Kapitel 26 - Unerwartet

628 34 11
                                    


Boom.Boom.Boom.

Auf diese Geräusche bin ich eine Nacht aufgewacht. Mein linkes Bein blutete stark, meine Ohren rauschten und der ganze Raum schien nebelig. Ich hörte waage, wie Enid panisch schrie. Sie rufte meinen Namen, woraufhin ich versuchte aufzustehen, aber der Schmerz übernahm die Kontrolle über meinen Körper und ich fiel auf den Boden.

Boom. Das Geschrei hörte auf.

- "Enid? Was ist passiert? Wo bist du?" - brüllte ich, obwohl ich meine eigene Stimme kaum wahrnehmen konnte.

Die Nebel verpuffte und die Sicht klärte sich langsam.

- "WAS HAST DU GETAN?" - schrie ich.

Adrenalin floß durch meinen Adern und plötzlich saß ich auf Tyler, der eine Waffe in der Hand hielt. Ich würgte ihn mit beiden Händen, so stark, dass sein Gesicht erkennbar blau angelaufen ist.

Ich stand auf und mit meiner restlichen Kraft wurf ich mich auf Enid's Bett.

Ich brach in Tränen aus und lehnte mich auf ihren Körper. Sie wurde zweimal angeschossen. Eine Kugel traf sie in den Oberschenkel. Die Wunde blutete zwar, aber sie machte keinen verbleibenden Schäden. Ich kletterte immer weiter auf, bis ich die Augenhöhe erreichte. Die zweite Kugel war wesentlich bedeutender.

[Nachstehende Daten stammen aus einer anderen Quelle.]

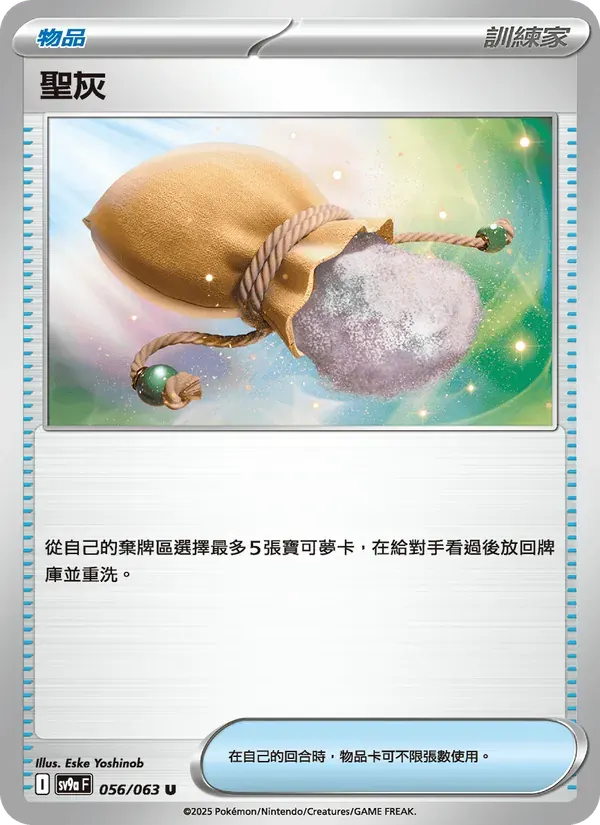 聖灰 — SV9A 56 Chinese Pokémon card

Ich nahm sie in meinen Armen und schaukelte sie, voller Hoffnung, dass sie mich noch einmal mit ihren wunderschönen himmelblauen Augen anschaut. Diesmal tat sie es nicht.

Ich spürte, wie mein Mund schäumte und ich fasste sofort danach. Jedoch war das kein Schaum, sondern Blut. Ich wurde auch zweimal getroffen. Ich zog mein T-Shirt hoch und sah, dass die Patrone meine Rippen durchbohrte.

- "Kennst du den Spruch: "Du musst denen in den Kopf schießen. Sie erwachen sonst immer."?Naja, ich habe mich vergewissert, dass deine Wolf-Freundin nicht mehr erwacht." - lächelte Tyler nach Luft schnappend. - "Schade, dass unsere Geschichte so endet, Wednesday. Ich habe dich wirklich geliebt. Aber weißt du was?" - zeigte er auf Enid. - "Wie ich dich gerade neben deiner toten Geliebte leidend sitzen sehe, macht jeder Sekunde lohnend, die ich unten in der Bibliothek verbringen musste."

Meine Konzentration sank und meine Augenlider schlossen sich unwillkürlich und gingen manchmal wieder auf.

- "Ich wollte mit dir zusammen sein, Wednesday. Verstehst du, dass Enid's Tod deine Schuld ist?" - kam er näher und streichelte mein Gesicht. -"Verdammt schade." - schüttelte Tyler den Kopf. - "Keine Sorge, ich habe schon alles geplant. Ich habe einen Brief mit deiner Schreibmaschine geschrieben, wo drin steht, dass du seit Wochen planst, deine Freundin umzubringen. Du konntest nicht ertragen, dass Enid sich nicht für dich interessiert hat. Sie wollte ausziehen und das hat sie dir gestern Abend auch per SMS geschrieben. Genial oder nicht?" - klatschte Tyler.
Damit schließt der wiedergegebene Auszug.